# Need a cool GTO custom plate.



## logicbomb (Sep 26, 2007)

About to get my new toy plated and was trying to think of a cool custom license plate to get for it. Any ideas?


----------



## GTO JUDGE (May 14, 2005)

*All kinds of ideas here >> *http://www.gtoforum.com/showthread.php?t=1772&highlight=vanity+plates


----------



## Good 2 go (Sep 7, 2005)

I just recently got some plates: *LS XTRA*. That was actually my 2nd choice, the first was *XPLOSV*, but for some reason, Texas decided not to grant that one to me. :confused


----------



## 6.0goat (Sep 27, 2007)

Here is mine. The only drawback is if you are too far away it looks like "GO GOAT" which I suppose is ok.


----------



## Showgoat67 (Feb 16, 2005)

Use a 1BDGOAT


----------



## chrisfox75 (Jul 20, 2007)

408 GTO


----------



## snide (Dec 28, 2004)

On Friday, I'll have to register mine. Here are a couple of ideas...

OMYGOAT
BAAAAAD
BAADGTO

:thumbs:


----------



## Red Bearded Goat (Mar 19, 2007)

Isn't the point of a personalized plate to put your "own" thought on the tag????

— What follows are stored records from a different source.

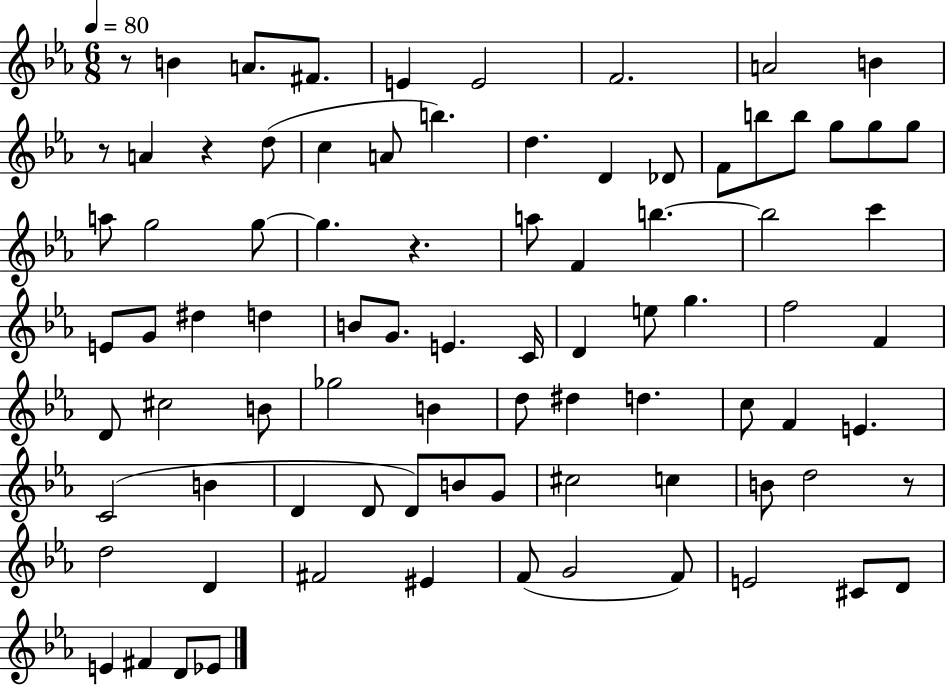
R/e B4/q A4/e. F#4/e. E4/q E4/h F4/h. A4/h B4/q R/e A4/q R/q D5/e C5/q A4/e B5/q. D5/q. D4/q Db4/e F4/e B5/e B5/e G5/e G5/e G5/e A5/e G5/h G5/e G5/q. R/q. A5/e F4/q B5/q. B5/h C6/q E4/e G4/e D#5/q D5/q B4/e G4/e. E4/q. C4/s D4/q E5/e G5/q. F5/h F4/q D4/e C#5/h B4/e Gb5/h B4/q D5/e D#5/q D5/q. C5/e F4/q E4/q. C4/h B4/q D4/q D4/e D4/e B4/e G4/e C#5/h C5/q B4/e D5/h R/e D5/h D4/q F#4/h EIS4/q F4/e G4/h F4/e E4/h C#4/e D4/e E4/q F#4/q D4/e Eb4/e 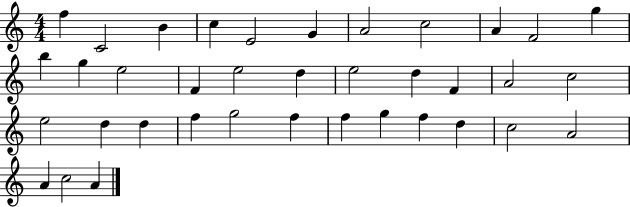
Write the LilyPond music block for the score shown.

{
  \clef treble
  \numericTimeSignature
  \time 4/4
  \key c \major
  f''4 c'2 b'4 | c''4 e'2 g'4 | a'2 c''2 | a'4 f'2 g''4 | \break b''4 g''4 e''2 | f'4 e''2 d''4 | e''2 d''4 f'4 | a'2 c''2 | \break e''2 d''4 d''4 | f''4 g''2 f''4 | f''4 g''4 f''4 d''4 | c''2 a'2 | \break a'4 c''2 a'4 | \bar "|."
} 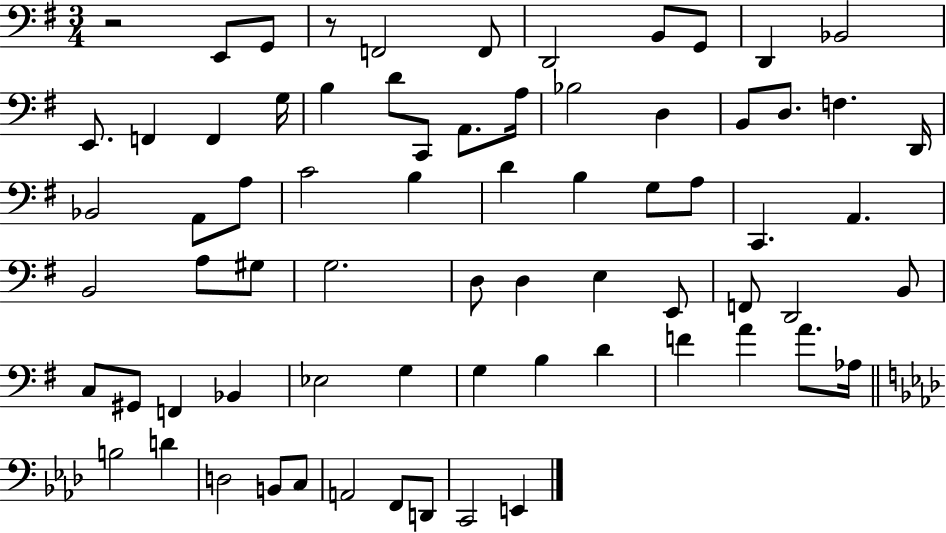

So, following what you posted to start this thread, I believe yours should be.... coolgto


----------



## 69bossnine (Aug 9, 2007)

If I were you, try to refrain from a "boastful" tag... It's an invitation for humiliation by serious street "sleepers", and it's an enormous turn-off to most of the female gender (they see it as a penis-contest-thing...)..

So instead of trying to tell everyone how "baaaad" your car is, take the opportunity to have a sense of humor, or just personalize...

How about:

BLEAT!!

FUALGOR

EXTINCT


----------



## 6.0goat (Sep 27, 2007)

69bossnine said:


> FUALGOR


That is tooo funny! Al Gore fly's around in his private gas guzzling jets, drives his big SUV's to all his enviro pep talks. I was watching the Discovery channel this weekend. They had a special on global warming and the very next show was a special on how we are going to have a global freezing. Make up your mind dam liberals!


----------



## 69bossnine (Aug 9, 2007)

6.0goat said:


> That is tooo funny! Al Gore fly's around in his private gas guzzling jets, drives his big SUV's to all his enviro pep talks. I was watching the Discovery channel this weekend. They had a special on global warming and the very next show was a special on how we are going to have a global freezing. Make up your mind dam liberals!



It's all part of the process leading up to the eventual global-screwing....


----------



## 6.0goat (Sep 27, 2007)

Well, I'm going to do my part....


----------



## EZ SPEED (May 21, 2007)

Here is mine...I cant take credit for thinking it up, I saw it on another guys GTO on the other GTO forums. :cheers


----------



## cuspid (Dec 8, 2004)

Cruzmisl


----------



## 69bossnine (Aug 9, 2007)

cuspid said:


> Cruzmisl


Your GTO can go over 500mph, and has a range of over 600 miles per-tank??


----------



## mopar75110 (Jul 14, 2007)

I don't have it on my plate, but I had a color-matched decal made for my rear window which says "UNHEMI".


----------